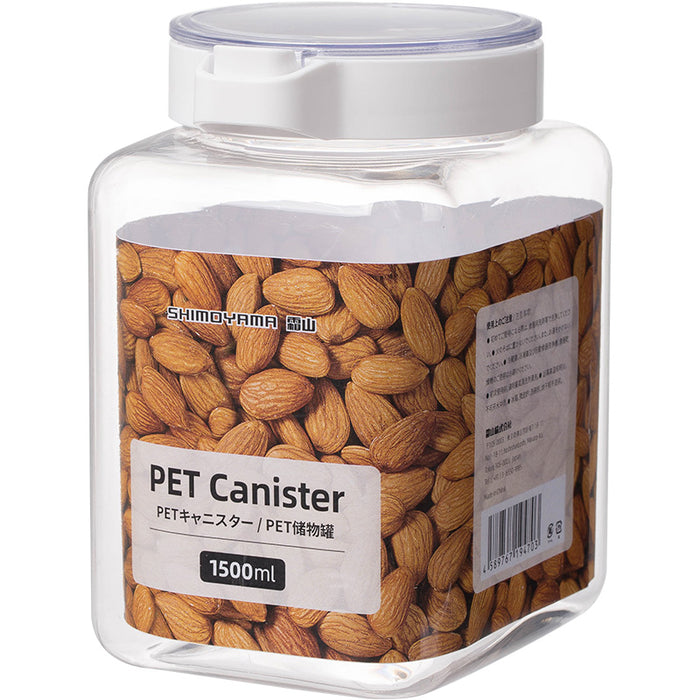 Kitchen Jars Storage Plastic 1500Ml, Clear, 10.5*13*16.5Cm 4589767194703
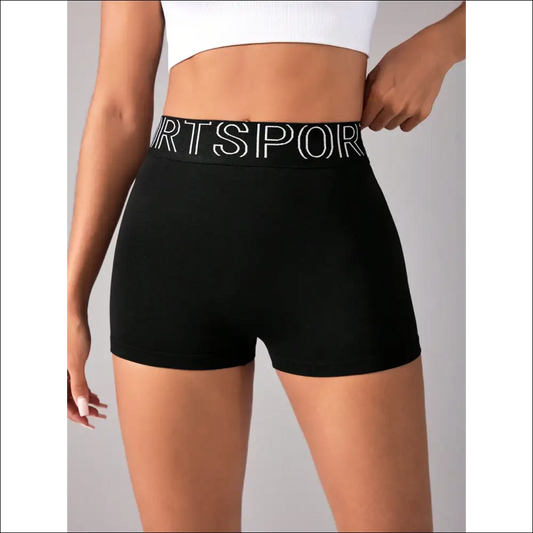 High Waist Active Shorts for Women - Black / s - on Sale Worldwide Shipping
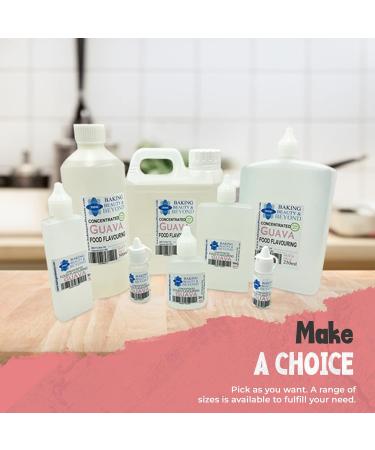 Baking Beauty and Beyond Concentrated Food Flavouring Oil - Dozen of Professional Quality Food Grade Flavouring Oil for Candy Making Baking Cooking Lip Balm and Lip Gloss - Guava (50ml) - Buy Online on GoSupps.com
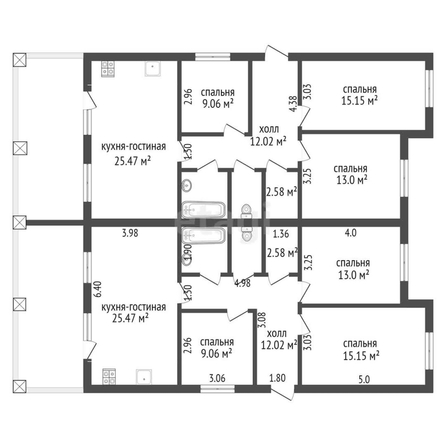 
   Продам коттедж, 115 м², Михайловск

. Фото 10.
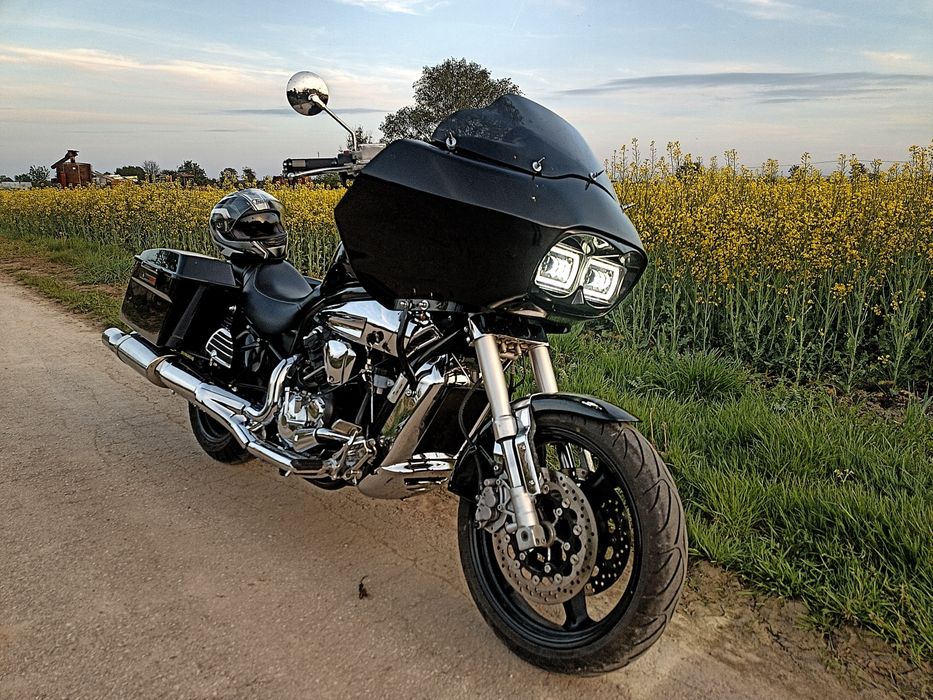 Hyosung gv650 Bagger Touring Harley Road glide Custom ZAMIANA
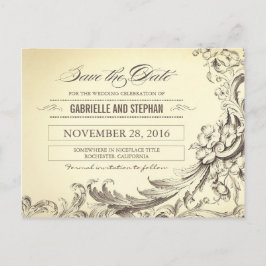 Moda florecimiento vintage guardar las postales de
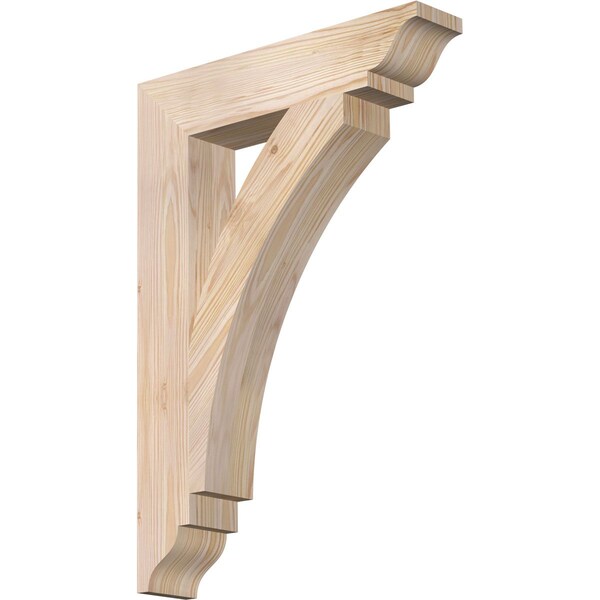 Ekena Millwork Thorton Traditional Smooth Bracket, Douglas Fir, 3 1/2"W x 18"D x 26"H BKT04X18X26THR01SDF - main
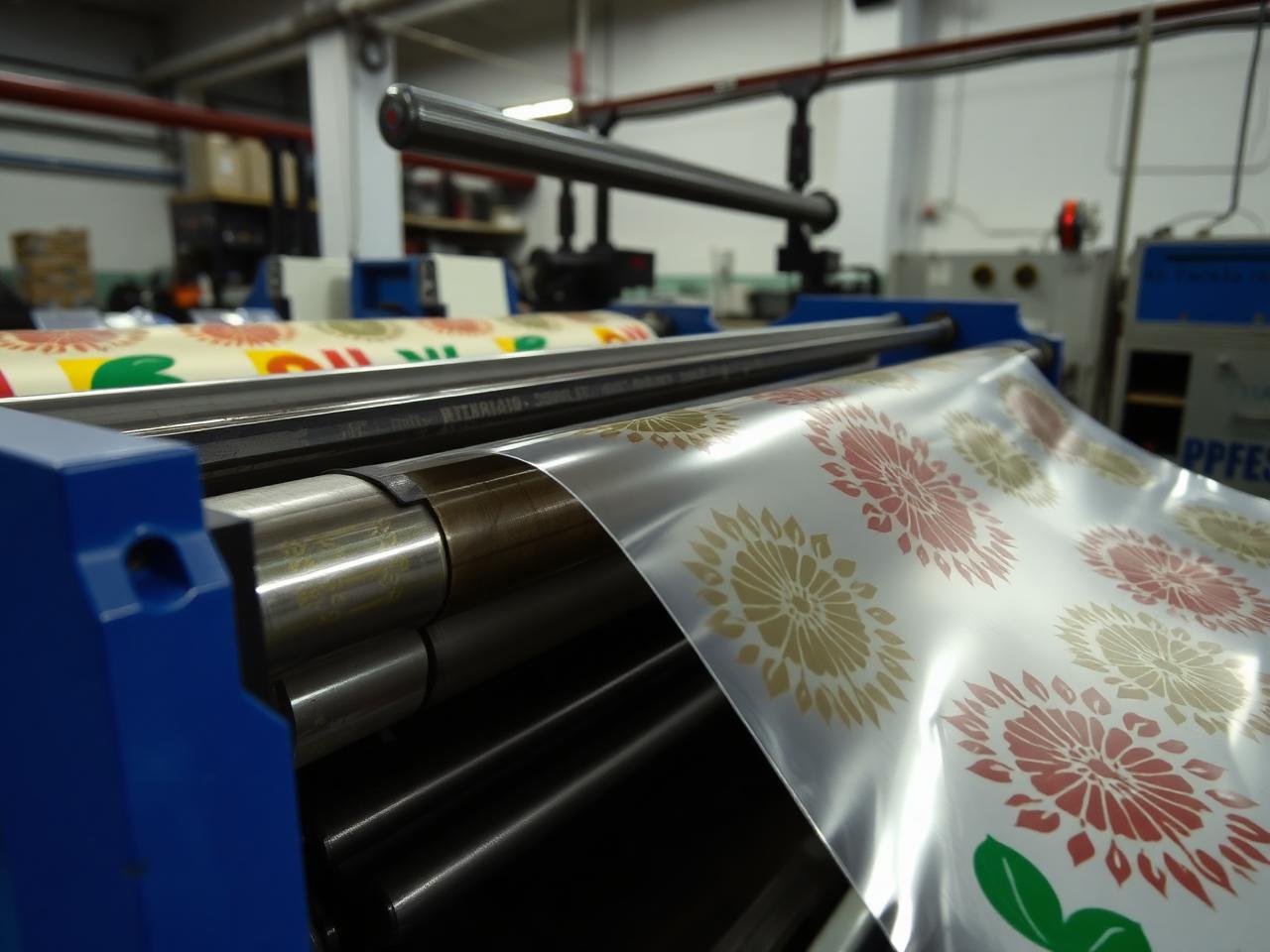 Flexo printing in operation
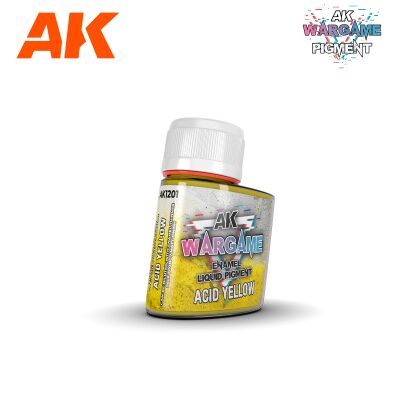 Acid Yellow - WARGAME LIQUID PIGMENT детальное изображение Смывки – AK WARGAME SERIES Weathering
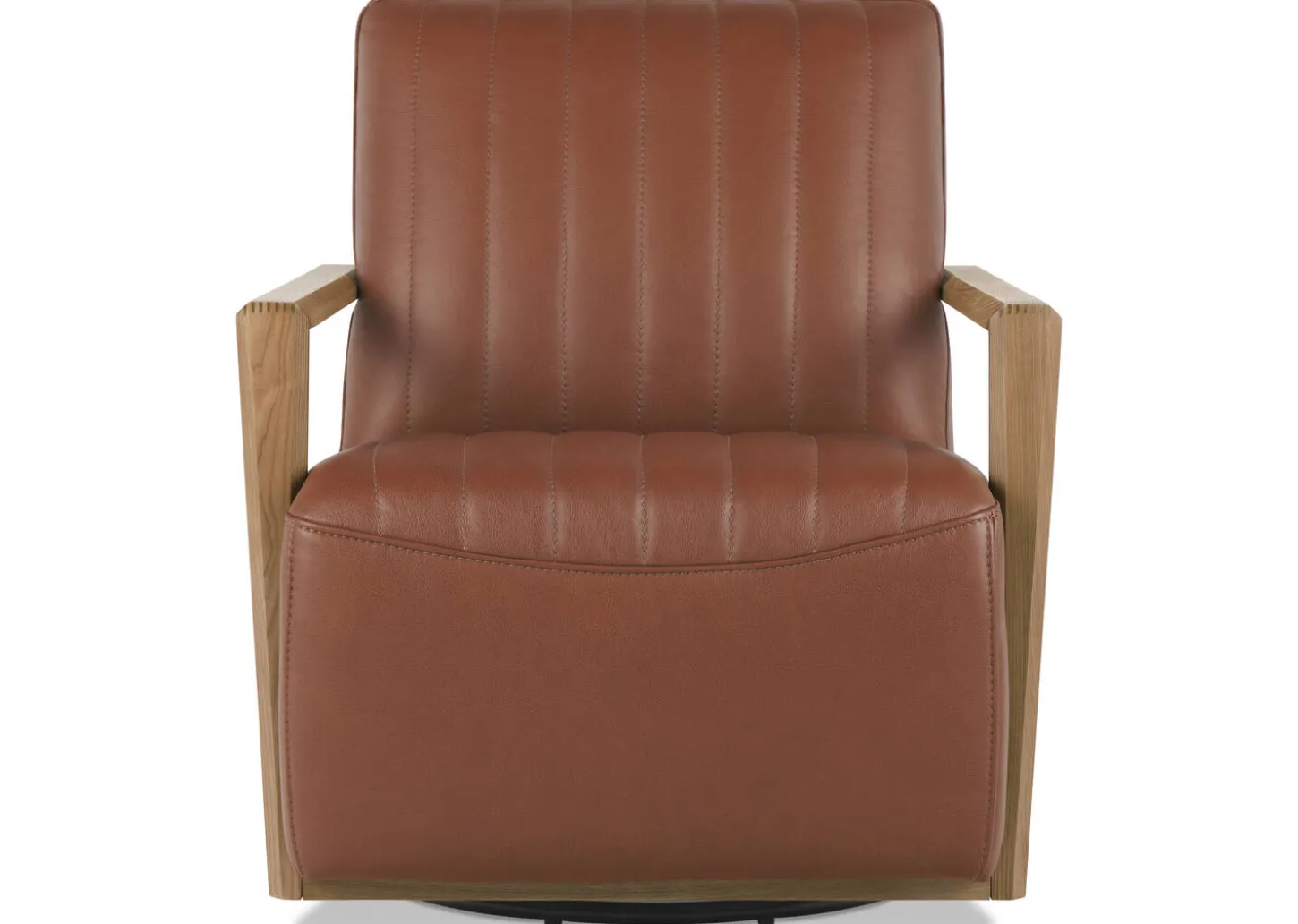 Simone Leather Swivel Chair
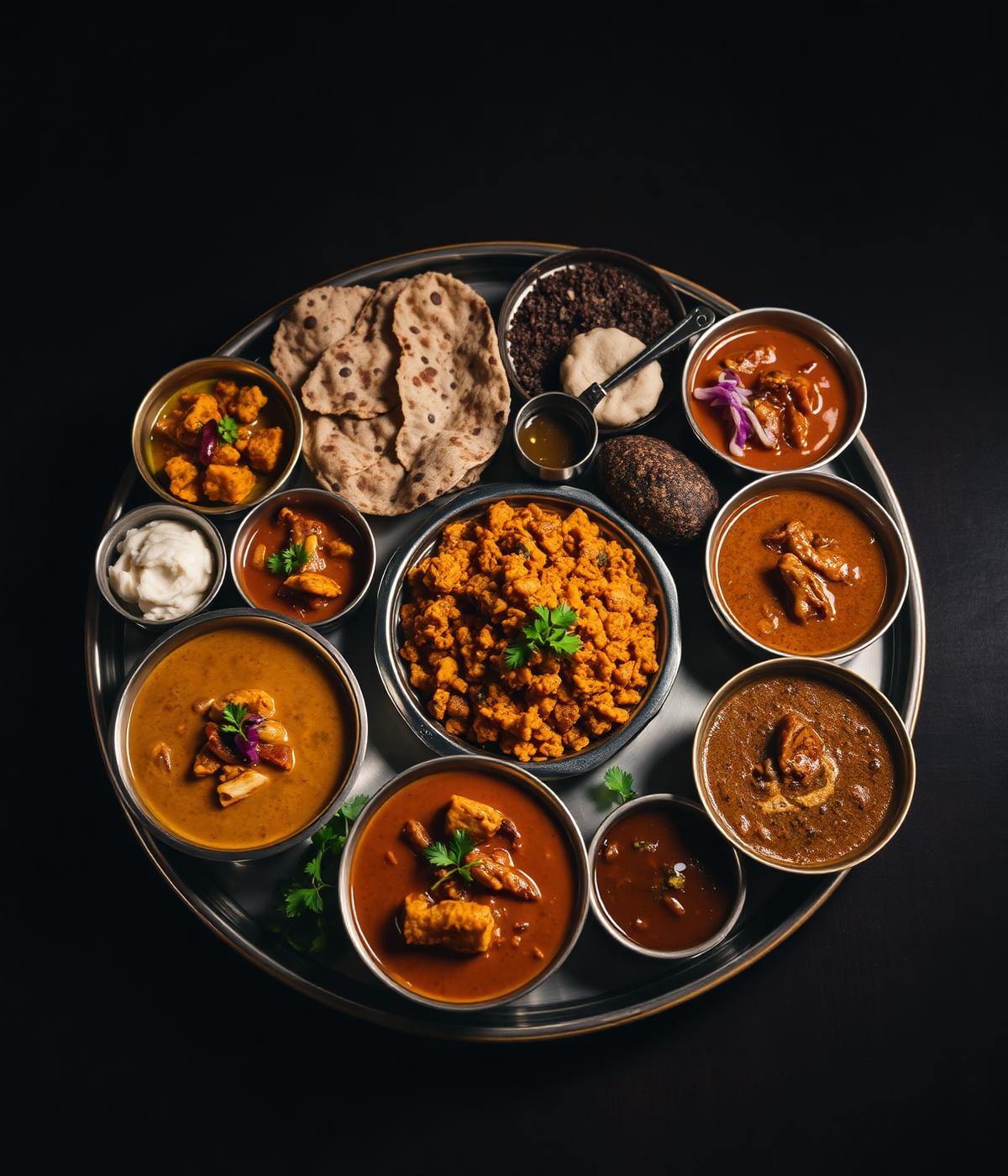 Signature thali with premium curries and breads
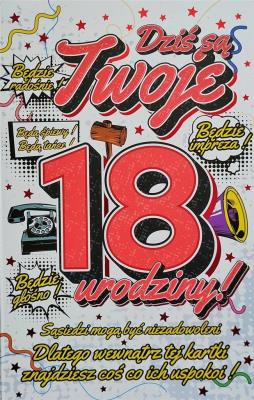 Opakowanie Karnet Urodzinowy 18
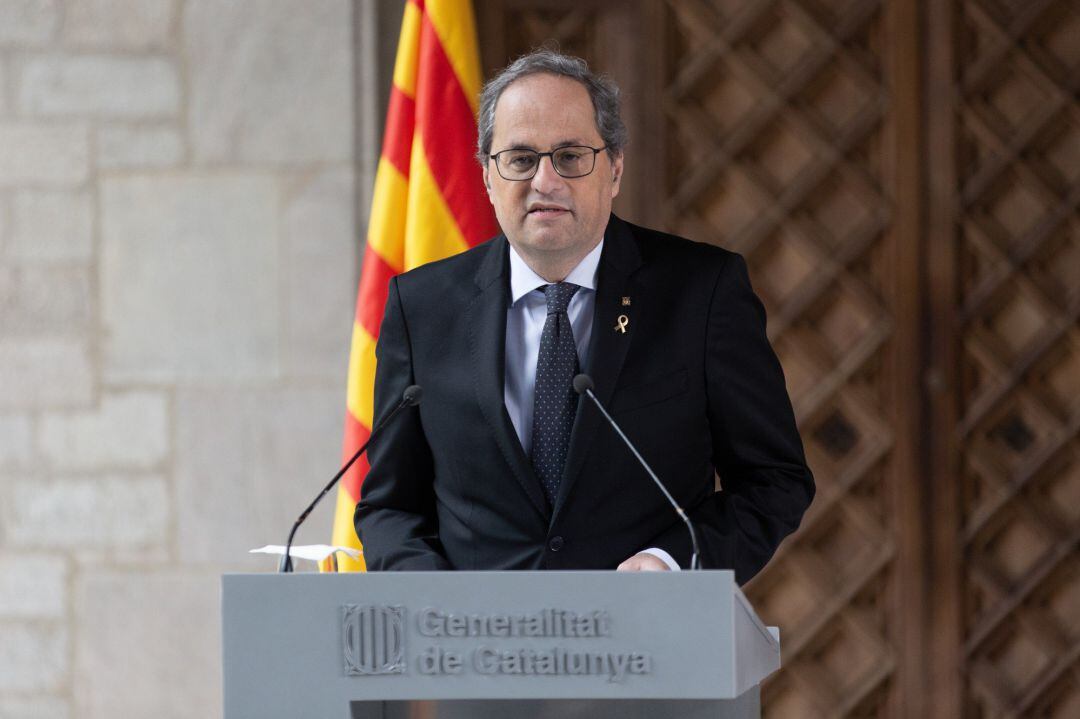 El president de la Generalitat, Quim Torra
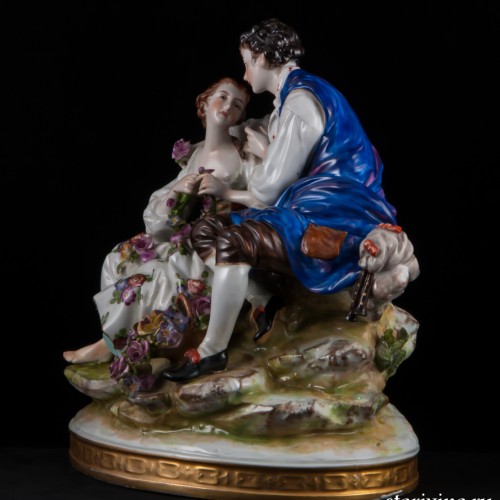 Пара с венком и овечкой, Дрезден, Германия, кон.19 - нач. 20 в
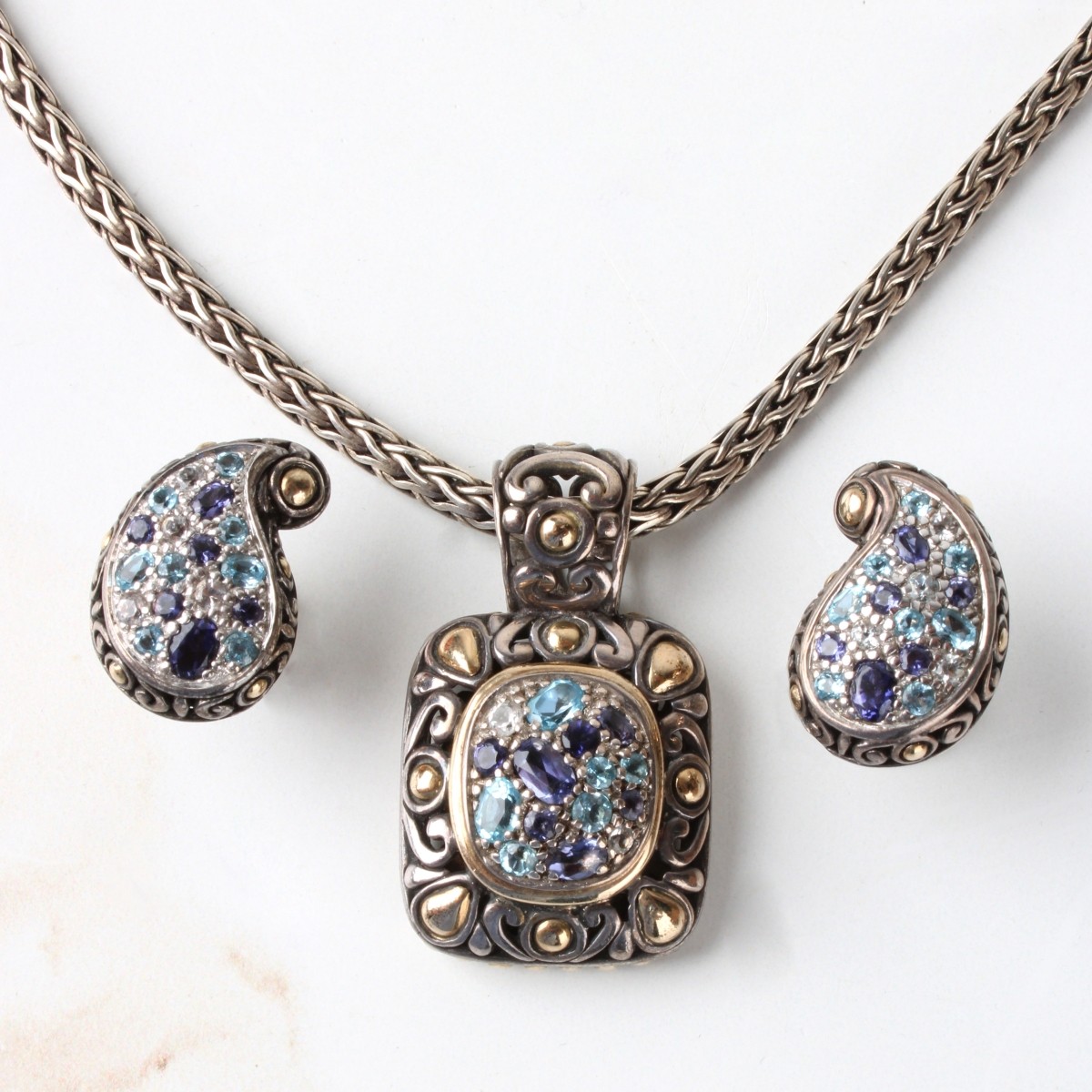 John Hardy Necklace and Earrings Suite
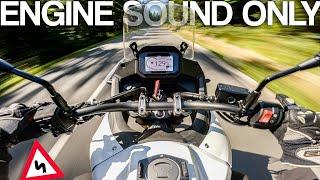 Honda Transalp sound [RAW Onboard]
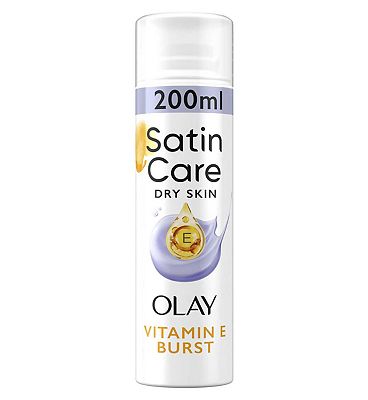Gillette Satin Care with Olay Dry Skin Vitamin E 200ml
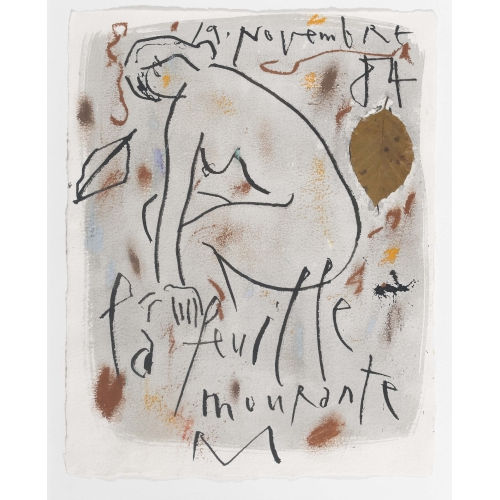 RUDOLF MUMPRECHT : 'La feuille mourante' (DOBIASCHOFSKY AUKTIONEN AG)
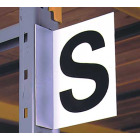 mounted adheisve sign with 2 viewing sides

■ EXERCISE INSTRUCTIONS ■
Nothing but the lines from the line containing "John Hardy Necklace and Earrings Suite" through the end of the records belongs in the answer, written out exactly, both ends included, without pictures.

■ YOUR RESPONSE ■
 John Hardy Necklace and Earrings Suite
 Honda Transalp sound [RAW Onboard]
Gillette Satin Care with Olay Dry Skin Vitamin E 200ml
 RUDOLF MUMPRECHT : 'La feuille mourante' (DOBIASCHOFSKY AUKTIONEN AG)
 mounted adheisve sign with 2 viewing sides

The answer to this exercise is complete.